Activity
Output every entry below word for word, without its pictures.

——————————

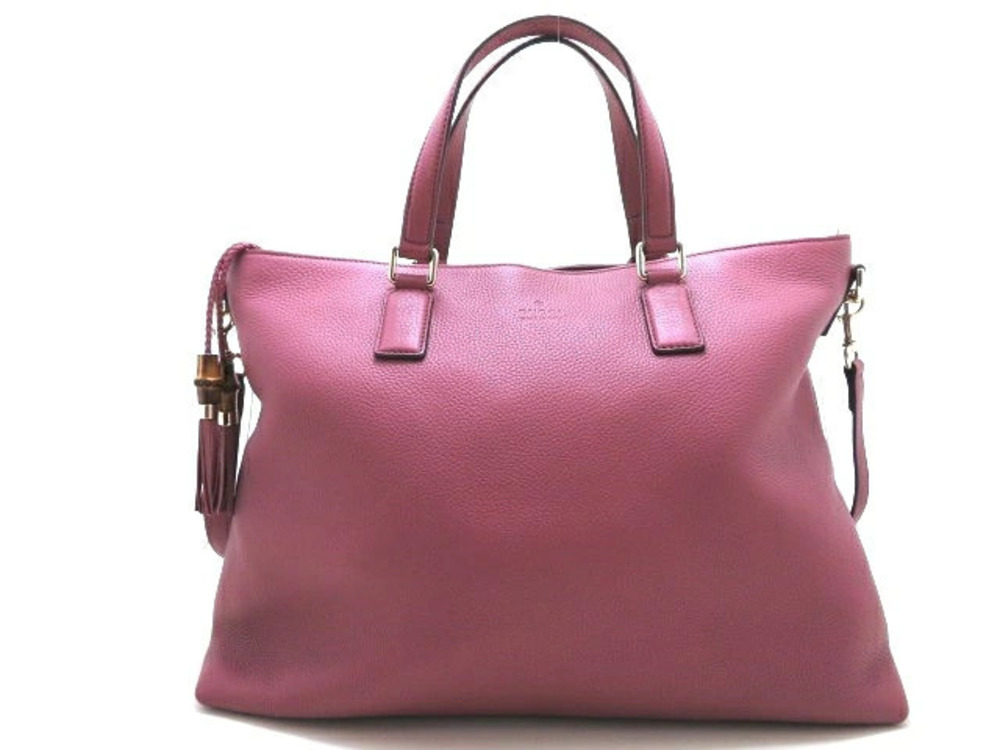 Gucci Shoulder Bag Calfskin Pink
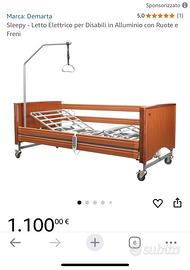 Letto per disabili elettrico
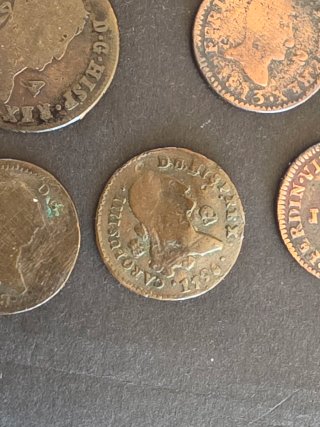 LOTE DE MONEDAS HISTÓRICAS ESPAÑOLAS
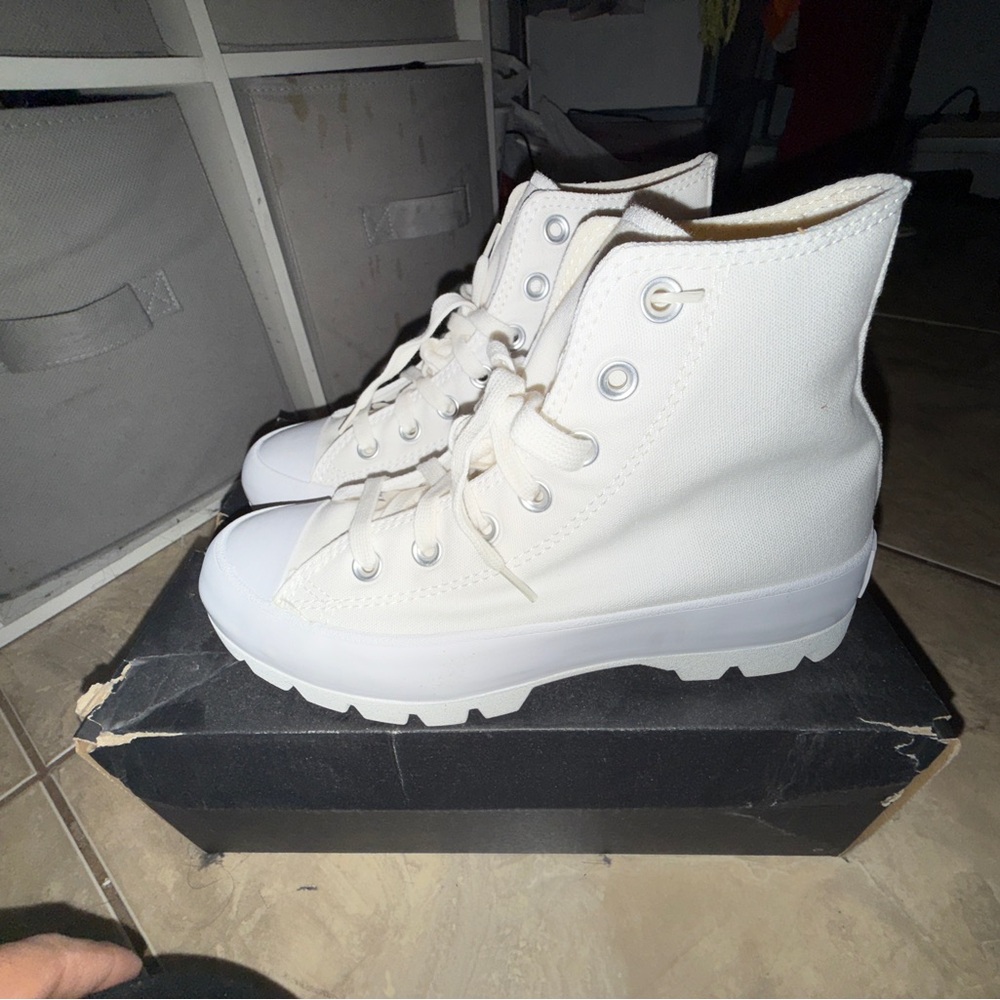 Converse Women's White High-Top Sneakers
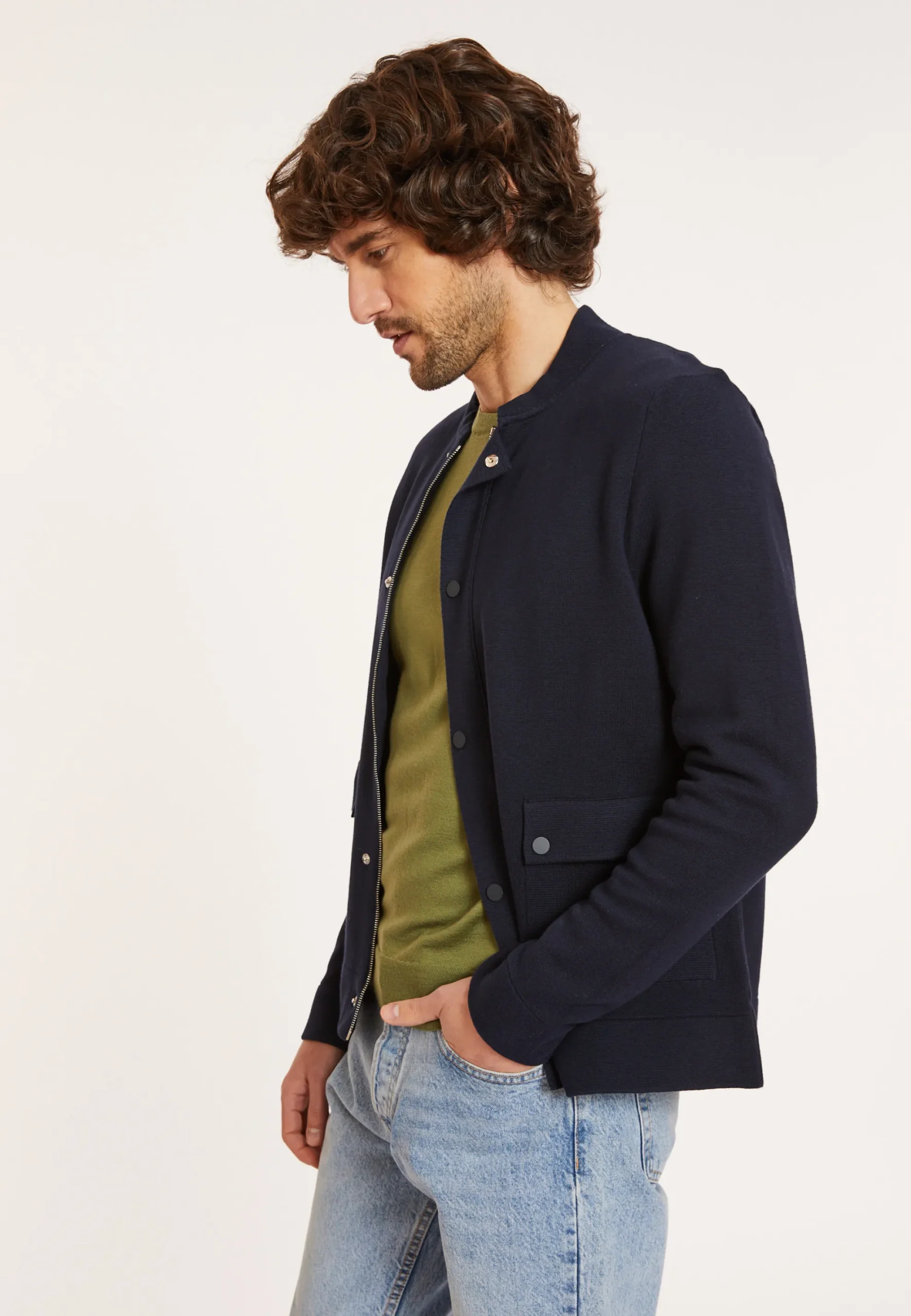 Maison Montagut Veste Zippee A Poches En Coton Bio - Dalil>Homme Vestes Et Gilets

——————————

Result of this exercise
 Gucci Shoulder Bag Calfskin Pink
 Letto per disabili elettrico
 LOTE DE MONEDAS HISTÓRICAS ESPAÑOLAS
 Converse Women's White High-Top Sneakers
 Maison Montagut Veste Zippee A Poches En Coton Bio - Dalil>Homme Vestes Et Gilets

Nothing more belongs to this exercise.